Now it is a construction zone. There are close to 3,000 condos and apartment units being built or planned in South Park alone, much of them ringing the proposed $1 billion sports and entertainment district that will be built on the surface parking lots flanking Staples Center.
Demand for condos in the neighborhood has been so strong that developers of a 164-unit condominium building at 1111 S. Grand Ave. recently pre-sold 80 percent of their project 14 hours after their sales office began accepting reservations.
“We’ve been extremely optimistic,” said Mike Pfeiffer, one of the project’s developers, “but we’re floored at this response.” He said prices varied throughout the building, ranging from $300,000 to $1 million.
Resales are another indication of demand. Several of the original buyers of Flower Street Lofts have flipped their units and reaped huge gains in a little over a year. One owner who bought a two-bedroom unit for $458,000 has the property under contract to be sold for $699,000 a profit of $241,000.
Another owner of a ground-floor, two-story condo with two bedrooms has the 1,560-square-foot unit listed on the market for $749,000, which would represent a gain of $289,000.
In a few years, Rothschild who is paying about $750,000 for her loft believes the 1,527-square-foot unit will be worth more than $1 million. “These prices are going to appreciate immensely once everything gets built,” she said.
Developers, initially cautious in pricing new units, have become more aggressive.
The 66 two-bedroom units in the Grand Lofts at 330 W. 11th St. will start in the mid-$500,000 range and be priced between $380 and $500 a foot, said Jeff Lee, president of Lee Group.
Lee was able to take into account Flower Street resale prices and how much units at 1111 S. Grand Ave. fetched when setting rates for Grand Lofts.
“When we sold Flower we were really pioneering but we’re not pioneering so much anymore,” he said. “It’s not a perfect science yet but we have some better information available to us.”
Developer Tom Gilmore believes rates will eventually level out between $450 and $500 a foot and only increase marginally afterwards.
Like other builders, Gilmore who is converting the former El Dorado hotel on Spring Street into a 66-unit condo building with partners Goodwin Gaw’s Downtown Properties Holdings LLC and Morgan Stanley said that over the next three years prices will begin to differentiate themselves by neighborhood and building.
“The variation isn’t there yet because we’re still establishing a market,” he said. “In the next two or three years we’re going to see multimillion-dollar apartments but we’ll also have places selling for $350,000. That will be an expression of a healthy market.”
With more than 10,000 downtown apartment and condominium units coming online in the next three years from the Staples Center and the Fashion District through the historic core and Bunker Hill the other concern is the depth of the market.
As the supply increases, prices are expected to begin leveling off as prospective buyers have more options. “It’s like musical chairs,” said Ratner, whose firm is converting 1100 Wilshire Blvd. into 230 condos. “You have to hope your project is done before the music stops.”
Developers say they are most worried about speculators who either rent out their units or flip the properties quickly.

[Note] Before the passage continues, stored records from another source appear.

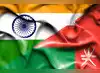 Image for India, Oman revise DTAA: What’s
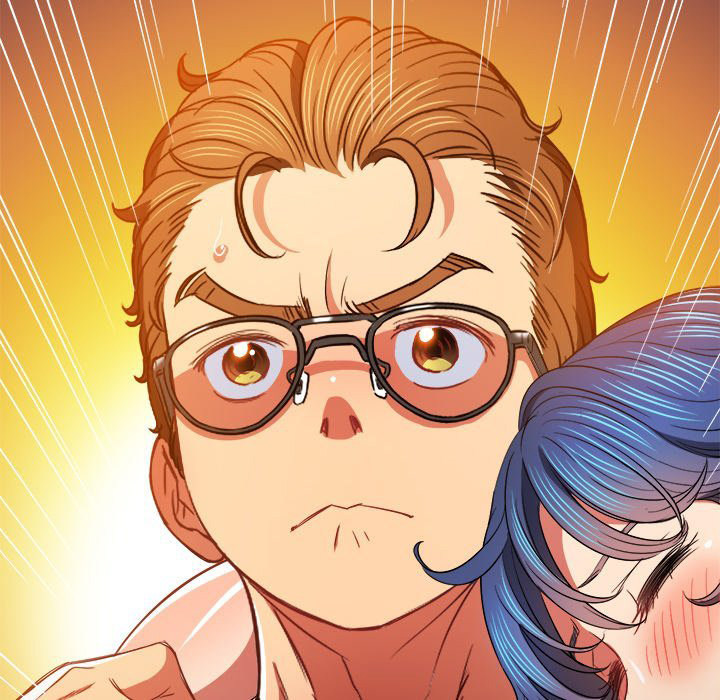 My High School Bully Chap chap 76-My High School Bully - Next Chap 77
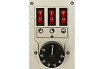 Электрический котел ZOTA 6 Balance ZB3468420006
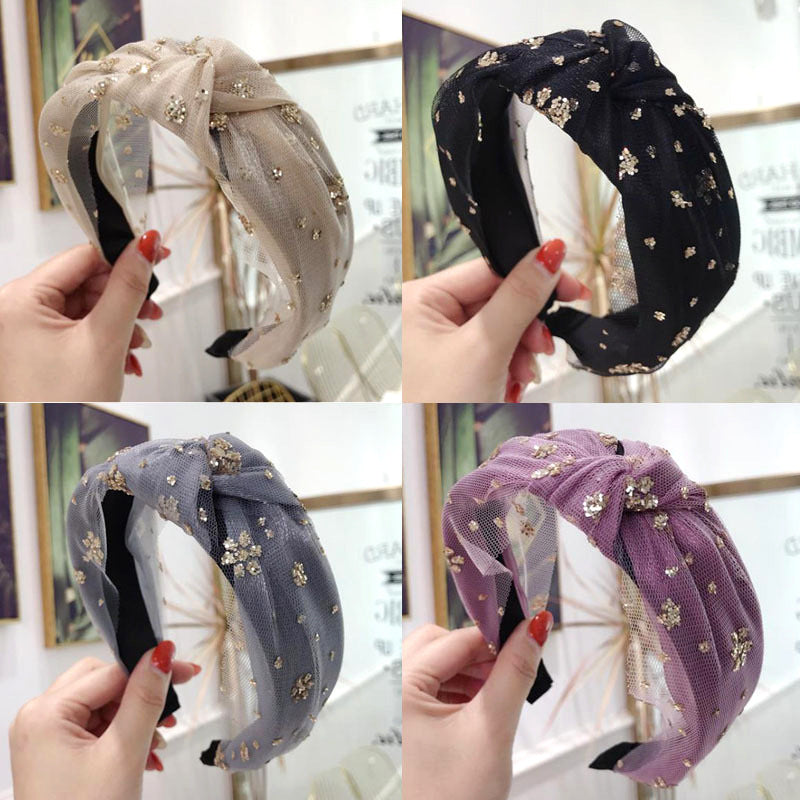 Petal Pins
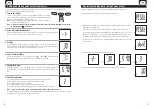 Preview for 4 page of Tanita InnerScan BC-590BT Manual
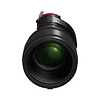 CINE-SERVO 25-250mm T2.95 Cinema Zoom Lens (PL Mount) Thumbnail 3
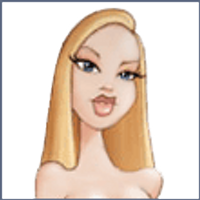 Aaneel Cruess (@tinypowyqis) 's Twitter Profile Photo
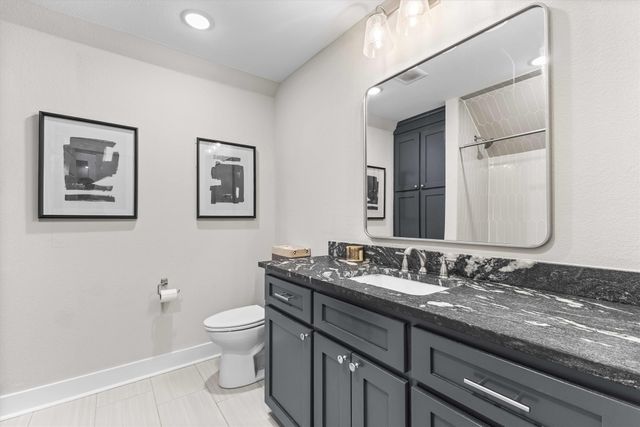 1124 Queen Elizabeth Drive, Mcgregor, TX 76657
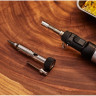Газовый паяльник KOVEA Metal Gas Pen Torch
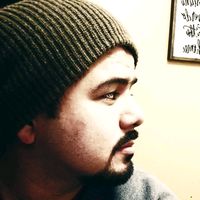 franklinricardo212121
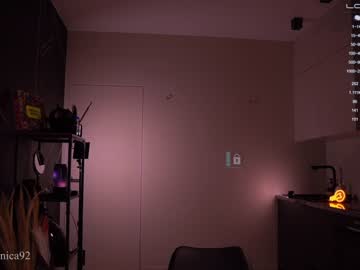 cam girl porn bronnica image #2932479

Both can have a detrimental effect on a new community.
“As a condo developer, you have to always be aware of speculative buyers,” Ratner said. “What you want to create is an environment that people who own the units will enjoy. You want to get people in there who invest in the community and care about it.”
To ensure buyers of its Grand Lofts were the right fit, the Lee Group interviewed potential purchasers and took them on weekend “hard hat” tours of the site while it was under construction.
Rothschild went through one of the interviews before buying her unit. “They want people who live and work downtown,” she said. “(They) want to create a sense of community.”